Может быть, именно то, что Эдуард привык вершить правосудие над смеющимися детьми, сделало из него неподкупного прокурора. Его кредо и его жизненные принципы невероятным образом совпали.

Но мало кто знал, что сам он не раз называл Тэда дурачком. Правда, без свидетелей. Особенно тогда, когда тот пытался дать ему совет в виде сказочки. Но упаси бог, если бы это сделал средний брат… „Прокурор“ был неподкупен даже дома.

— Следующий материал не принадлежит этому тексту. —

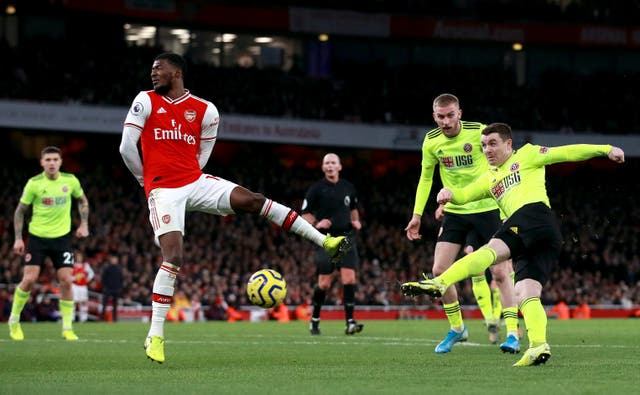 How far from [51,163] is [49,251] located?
44.7 inches

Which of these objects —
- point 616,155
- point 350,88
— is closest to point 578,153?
point 616,155

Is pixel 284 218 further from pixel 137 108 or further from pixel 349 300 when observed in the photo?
pixel 349 300

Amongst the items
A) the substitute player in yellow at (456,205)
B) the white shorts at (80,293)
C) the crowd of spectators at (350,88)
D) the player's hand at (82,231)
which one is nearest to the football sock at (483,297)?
the substitute player in yellow at (456,205)

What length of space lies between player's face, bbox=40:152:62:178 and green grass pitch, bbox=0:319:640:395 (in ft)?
7.57

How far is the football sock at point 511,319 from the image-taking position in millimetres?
10409

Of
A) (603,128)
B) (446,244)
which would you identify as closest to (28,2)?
(603,128)

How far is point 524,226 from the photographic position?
858 centimetres

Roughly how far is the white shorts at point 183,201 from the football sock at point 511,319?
2993mm

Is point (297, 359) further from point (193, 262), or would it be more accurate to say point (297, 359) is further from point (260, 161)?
point (260, 161)

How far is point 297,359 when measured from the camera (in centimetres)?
971

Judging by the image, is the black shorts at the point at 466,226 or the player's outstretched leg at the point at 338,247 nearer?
the player's outstretched leg at the point at 338,247

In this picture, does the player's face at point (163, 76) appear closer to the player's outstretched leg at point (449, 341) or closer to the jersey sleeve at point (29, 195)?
the player's outstretched leg at point (449, 341)

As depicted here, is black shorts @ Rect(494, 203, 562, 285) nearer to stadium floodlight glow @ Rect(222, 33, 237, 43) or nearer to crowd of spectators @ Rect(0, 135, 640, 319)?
crowd of spectators @ Rect(0, 135, 640, 319)

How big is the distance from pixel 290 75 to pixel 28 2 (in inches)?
351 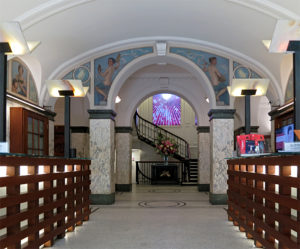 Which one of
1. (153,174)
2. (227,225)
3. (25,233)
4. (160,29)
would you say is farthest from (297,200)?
(153,174)

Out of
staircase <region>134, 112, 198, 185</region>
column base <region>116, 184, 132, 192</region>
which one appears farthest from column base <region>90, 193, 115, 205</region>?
staircase <region>134, 112, 198, 185</region>

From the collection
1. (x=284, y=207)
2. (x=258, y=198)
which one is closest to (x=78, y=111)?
(x=258, y=198)

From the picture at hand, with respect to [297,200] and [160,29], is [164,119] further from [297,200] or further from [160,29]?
[297,200]

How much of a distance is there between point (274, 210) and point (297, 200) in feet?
2.52

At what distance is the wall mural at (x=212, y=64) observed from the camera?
9852 millimetres

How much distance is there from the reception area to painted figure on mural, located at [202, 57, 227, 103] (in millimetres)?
25

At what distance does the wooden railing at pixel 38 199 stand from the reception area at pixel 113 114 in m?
0.02

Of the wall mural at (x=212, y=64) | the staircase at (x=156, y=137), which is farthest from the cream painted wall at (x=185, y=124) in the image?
the wall mural at (x=212, y=64)

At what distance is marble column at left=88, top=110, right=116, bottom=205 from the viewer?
966 cm

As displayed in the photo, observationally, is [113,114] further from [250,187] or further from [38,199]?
[38,199]

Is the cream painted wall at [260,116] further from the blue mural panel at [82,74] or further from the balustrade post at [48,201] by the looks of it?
the balustrade post at [48,201]

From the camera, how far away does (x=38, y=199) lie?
14.5 ft

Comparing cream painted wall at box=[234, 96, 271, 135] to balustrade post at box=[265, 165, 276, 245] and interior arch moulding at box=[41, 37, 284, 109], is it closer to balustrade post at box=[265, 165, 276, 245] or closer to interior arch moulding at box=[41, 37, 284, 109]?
interior arch moulding at box=[41, 37, 284, 109]

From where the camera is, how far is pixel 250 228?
507 cm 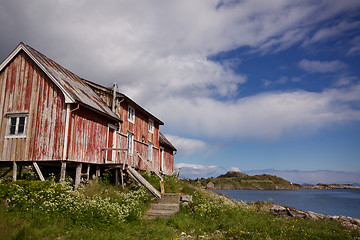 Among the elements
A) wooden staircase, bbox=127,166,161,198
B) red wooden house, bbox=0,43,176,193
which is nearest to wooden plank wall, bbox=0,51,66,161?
red wooden house, bbox=0,43,176,193

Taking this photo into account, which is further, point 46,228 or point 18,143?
point 18,143

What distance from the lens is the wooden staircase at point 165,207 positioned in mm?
15383

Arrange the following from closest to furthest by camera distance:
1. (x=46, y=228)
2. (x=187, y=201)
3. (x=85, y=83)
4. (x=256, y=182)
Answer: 1. (x=46, y=228)
2. (x=187, y=201)
3. (x=85, y=83)
4. (x=256, y=182)

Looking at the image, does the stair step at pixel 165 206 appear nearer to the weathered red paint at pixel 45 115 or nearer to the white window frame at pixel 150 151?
the weathered red paint at pixel 45 115

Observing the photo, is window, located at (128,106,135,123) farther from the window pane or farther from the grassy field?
the grassy field

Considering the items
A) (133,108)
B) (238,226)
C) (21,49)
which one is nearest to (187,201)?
(238,226)

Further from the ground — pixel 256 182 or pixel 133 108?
pixel 133 108

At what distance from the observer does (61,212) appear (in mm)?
12133

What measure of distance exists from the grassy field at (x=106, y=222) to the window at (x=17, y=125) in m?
4.49

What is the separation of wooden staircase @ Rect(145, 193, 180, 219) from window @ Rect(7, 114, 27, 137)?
8812 mm

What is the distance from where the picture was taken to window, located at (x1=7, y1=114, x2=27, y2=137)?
1706 centimetres

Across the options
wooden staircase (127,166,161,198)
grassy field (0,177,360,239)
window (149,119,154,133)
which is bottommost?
grassy field (0,177,360,239)

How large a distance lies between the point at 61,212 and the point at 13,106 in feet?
29.2

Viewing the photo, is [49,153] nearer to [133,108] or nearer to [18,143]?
[18,143] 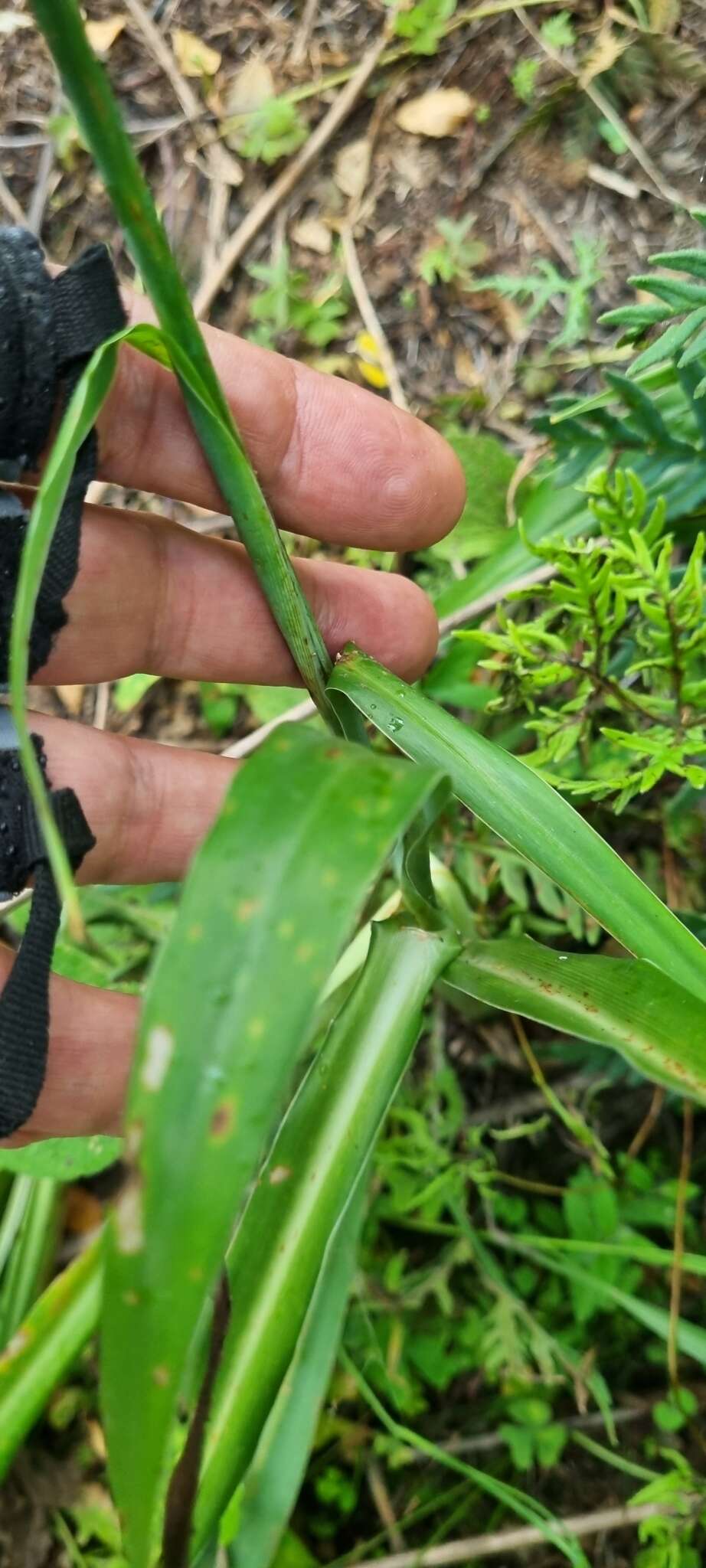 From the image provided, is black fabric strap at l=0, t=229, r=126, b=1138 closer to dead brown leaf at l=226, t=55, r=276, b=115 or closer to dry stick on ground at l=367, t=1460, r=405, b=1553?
dry stick on ground at l=367, t=1460, r=405, b=1553

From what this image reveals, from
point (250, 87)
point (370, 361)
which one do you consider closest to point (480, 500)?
point (370, 361)

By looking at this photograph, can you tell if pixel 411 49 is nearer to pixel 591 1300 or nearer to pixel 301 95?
pixel 301 95

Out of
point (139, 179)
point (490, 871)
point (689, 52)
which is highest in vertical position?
point (689, 52)

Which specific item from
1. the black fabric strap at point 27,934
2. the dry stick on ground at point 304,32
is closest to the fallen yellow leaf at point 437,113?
the dry stick on ground at point 304,32

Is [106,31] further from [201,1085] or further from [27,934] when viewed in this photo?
[201,1085]

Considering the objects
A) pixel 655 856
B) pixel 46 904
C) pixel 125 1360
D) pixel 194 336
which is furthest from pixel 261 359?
pixel 125 1360

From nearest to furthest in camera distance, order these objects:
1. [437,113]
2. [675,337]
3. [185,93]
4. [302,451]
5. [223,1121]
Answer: [223,1121] → [675,337] → [302,451] → [437,113] → [185,93] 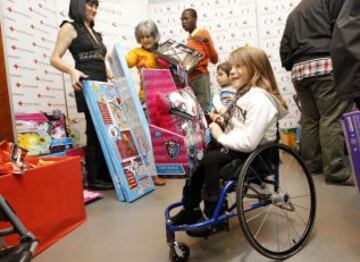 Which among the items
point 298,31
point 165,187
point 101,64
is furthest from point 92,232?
point 298,31

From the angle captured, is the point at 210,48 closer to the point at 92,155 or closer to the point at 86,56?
the point at 86,56

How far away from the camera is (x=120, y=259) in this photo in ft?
4.71

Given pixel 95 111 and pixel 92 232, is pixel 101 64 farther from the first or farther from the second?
pixel 92 232

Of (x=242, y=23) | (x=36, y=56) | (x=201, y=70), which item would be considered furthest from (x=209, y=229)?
(x=242, y=23)

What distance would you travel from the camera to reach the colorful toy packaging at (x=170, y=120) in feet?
8.84

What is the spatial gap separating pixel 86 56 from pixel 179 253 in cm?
159

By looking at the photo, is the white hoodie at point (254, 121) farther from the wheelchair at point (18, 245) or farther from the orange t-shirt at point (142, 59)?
the orange t-shirt at point (142, 59)

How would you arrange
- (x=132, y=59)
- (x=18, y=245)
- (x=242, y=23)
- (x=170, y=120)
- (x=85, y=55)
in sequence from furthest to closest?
(x=242, y=23)
(x=132, y=59)
(x=170, y=120)
(x=85, y=55)
(x=18, y=245)

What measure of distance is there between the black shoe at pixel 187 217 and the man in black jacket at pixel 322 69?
4.25 feet

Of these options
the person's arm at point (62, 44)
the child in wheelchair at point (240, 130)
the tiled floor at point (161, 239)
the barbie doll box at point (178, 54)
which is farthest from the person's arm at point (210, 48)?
the child in wheelchair at point (240, 130)

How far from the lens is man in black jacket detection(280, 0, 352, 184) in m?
2.27

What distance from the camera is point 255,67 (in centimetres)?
152

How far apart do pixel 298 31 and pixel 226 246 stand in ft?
5.12

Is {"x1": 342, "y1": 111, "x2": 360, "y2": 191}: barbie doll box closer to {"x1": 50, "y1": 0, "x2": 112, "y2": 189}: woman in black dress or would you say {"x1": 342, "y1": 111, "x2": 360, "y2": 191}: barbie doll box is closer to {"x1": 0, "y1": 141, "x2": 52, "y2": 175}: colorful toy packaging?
{"x1": 0, "y1": 141, "x2": 52, "y2": 175}: colorful toy packaging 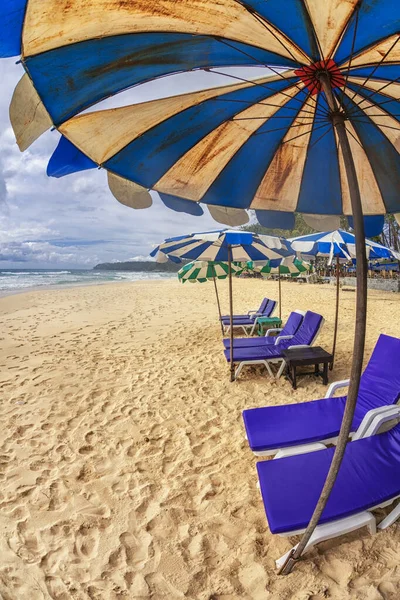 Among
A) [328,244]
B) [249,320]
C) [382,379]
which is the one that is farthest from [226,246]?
[249,320]

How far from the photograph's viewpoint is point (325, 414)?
11.1 ft

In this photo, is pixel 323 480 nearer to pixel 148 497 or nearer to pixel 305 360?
pixel 148 497

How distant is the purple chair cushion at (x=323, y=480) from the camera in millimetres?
2123

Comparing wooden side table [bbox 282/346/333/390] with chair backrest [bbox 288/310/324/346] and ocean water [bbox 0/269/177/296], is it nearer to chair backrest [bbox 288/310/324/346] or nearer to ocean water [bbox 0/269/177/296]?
chair backrest [bbox 288/310/324/346]

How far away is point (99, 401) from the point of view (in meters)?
4.81

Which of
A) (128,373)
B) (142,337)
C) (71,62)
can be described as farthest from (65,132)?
(142,337)

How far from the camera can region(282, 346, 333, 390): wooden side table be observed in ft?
16.8

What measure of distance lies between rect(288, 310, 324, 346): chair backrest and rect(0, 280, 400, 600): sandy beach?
83 centimetres

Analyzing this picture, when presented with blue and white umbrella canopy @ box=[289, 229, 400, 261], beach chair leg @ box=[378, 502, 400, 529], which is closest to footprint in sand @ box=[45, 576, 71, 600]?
beach chair leg @ box=[378, 502, 400, 529]

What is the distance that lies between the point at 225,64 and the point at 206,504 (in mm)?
3577

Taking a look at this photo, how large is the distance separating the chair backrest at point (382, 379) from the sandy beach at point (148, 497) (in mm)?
1164

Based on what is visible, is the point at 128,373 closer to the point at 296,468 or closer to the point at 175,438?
the point at 175,438

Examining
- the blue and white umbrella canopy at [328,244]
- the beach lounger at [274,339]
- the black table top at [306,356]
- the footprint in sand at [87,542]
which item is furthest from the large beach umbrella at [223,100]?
the beach lounger at [274,339]

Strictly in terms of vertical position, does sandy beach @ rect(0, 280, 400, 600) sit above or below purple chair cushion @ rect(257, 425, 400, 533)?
below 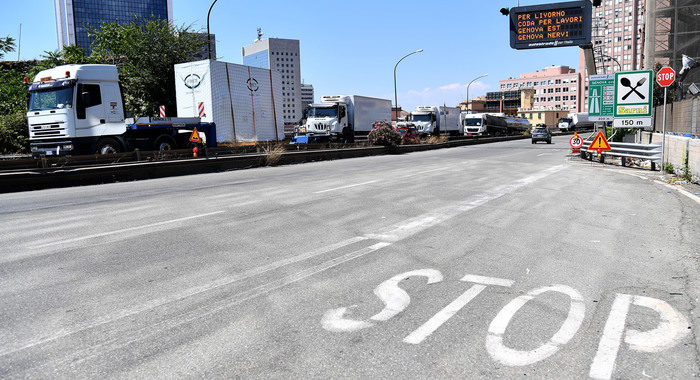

Не из жалости Эдуард перечислял десять процентов своих гонораров на счет младшего брата. Именно из самосознания своего превосходства над всеми остальными, кому недоступно было „право защиты“ этого витающего в сказках дурачка. Он был прокурором всем, а Тэду — правозащитник. И десять процентов выплачивал ему за это удовольствие.